Всего не расскажешь, с кем мы в тот приезд говорили и что довелось повидать, во всем сопутствуя Василию. Скажу только, что я увез непоколебимое убеждение: все, что до сих пор написал Василий Белов, бережно сверено им с жизнью высокой мерой ответственности большого и честного художника.
Возвращались мы тем же порядком: пешая тропа сменилась проселком, проселок — автомобильным большаком, наконец железная дорога — путь в большой мир.
Летняя Вологда зелена, но не так многолюдна, как более южные города, Василий «угостил» меня видом родного города с высоты. Он раздобыл у хранителей древностей ключи от колокольни при Вологодской Софии, отомкнул тяжелый неподатливый замок (подниматься на саму колокольню тогда в общем-то не разрешалось, как говорят, по причине ветхости ее лестниц), и мы шагнули в полумрак кирпичного цоколя. Лестница действительно была не для туризма, но мы не отступились. Василий топал впереди меня. Наконец засветился выходной люк, и мы оказались на просторной площадке звонницы.

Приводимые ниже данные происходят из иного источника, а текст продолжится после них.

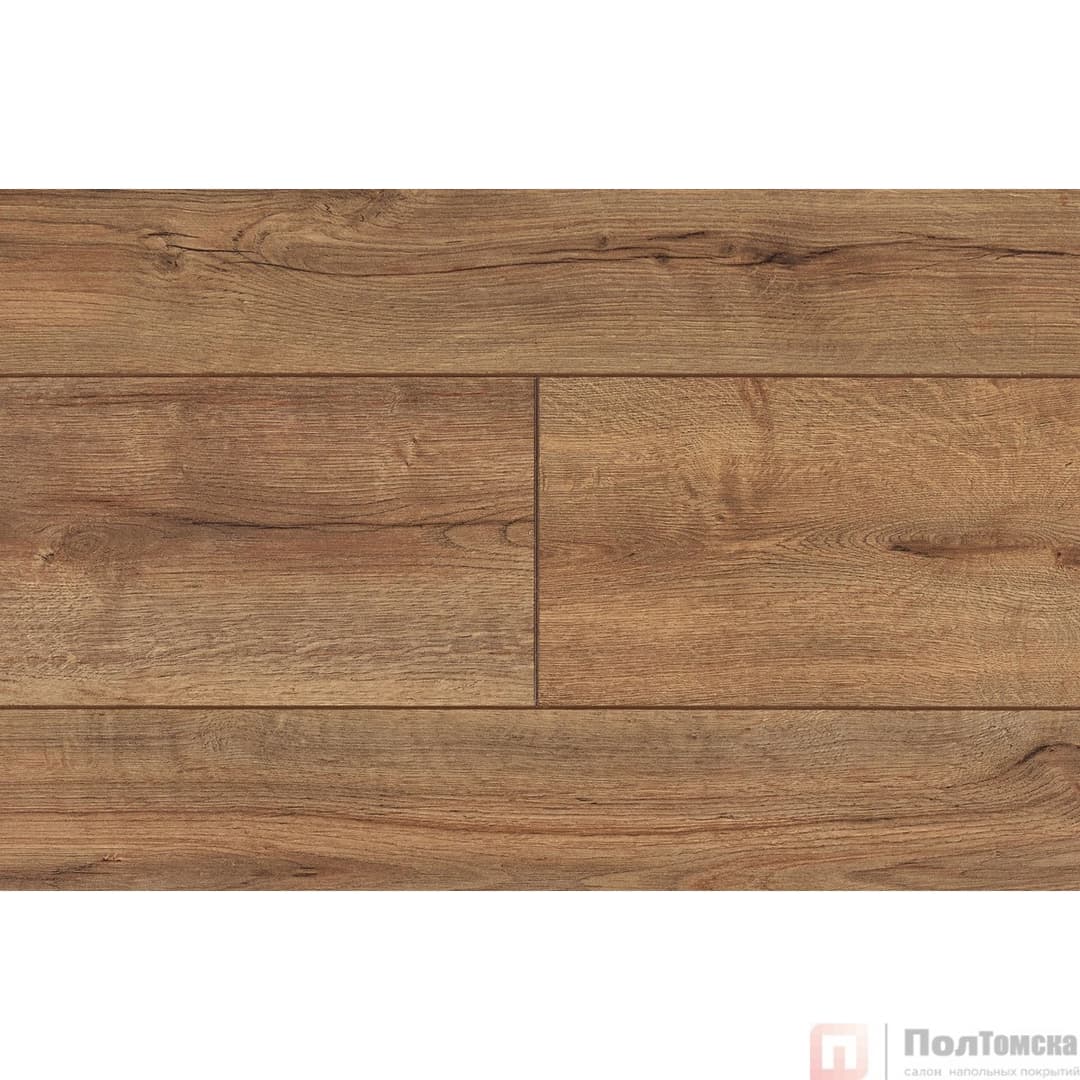 Ламинат Kastamonu Floorpan Ruby Дуб Сепия FP580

Высока сама по себе София, но даже и она со своими многочисленными золочеными крестами оказалась далеко под нами. И весь город предстал перед нашим взором как на ладони. В зеленых берегах, и сама от них зеленая, не текла, а полноводно покоилась река Вологда. На многочисленных дощатых мостках толпились женщины, и ярко и пестро мелькало в их руках мокрое, споласкиваемое белье. Время от времени стержнем проходили то баржа, то чумазый трудяга буксирчик, то вихрево проносились моторки, и тогда гладь реки взбухала валами, смешивавшими зелень опрокинутых берегов с янтарем заката.

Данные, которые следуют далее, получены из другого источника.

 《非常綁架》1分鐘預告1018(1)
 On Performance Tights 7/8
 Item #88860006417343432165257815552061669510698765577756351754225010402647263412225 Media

На той стороне дородные старинные дома и современные постройки перемежались с церквушками, которые Василий перечислил мне но порядку: слева, на изгибе реки, виделся изящный силуэт Сретения, прямо против нас, рядом с Домом культуры, вставал суровый в своей аскетической простоте храм Иоанна Златоуста, а справа, сразу же за многоарочным каменным мостом, высилось громадье собора Дмитрия Прилуцкого. И сам всемирно известный Прилуцкий монастырь виден был хорошо, но только поодаль, уже за городом, на вольном пойменном лужке. Мимо его стен мчались архангельские, котласские, сыктывкарские поезда, а над его сторожевыми башнями разворачивались и ложились на курс узкокрылые стрелы современных воздушных экспрессов. И леса, леса окрест, уже размытые дымкой вече-реющего дня.
Я исподволь, с молчаливой благодарностью за увиденное взглянул на Василия. Зоркие, озерной чистоты глаза его таили пытливый, неустанно творящий взгляд художника современности.

Источник: Носов Е. Путь к истоку : (слово о моем друге) / Е. Носов // Бобришный угор : рассказы / В. Белов. – М., 1988. – С. 5–14.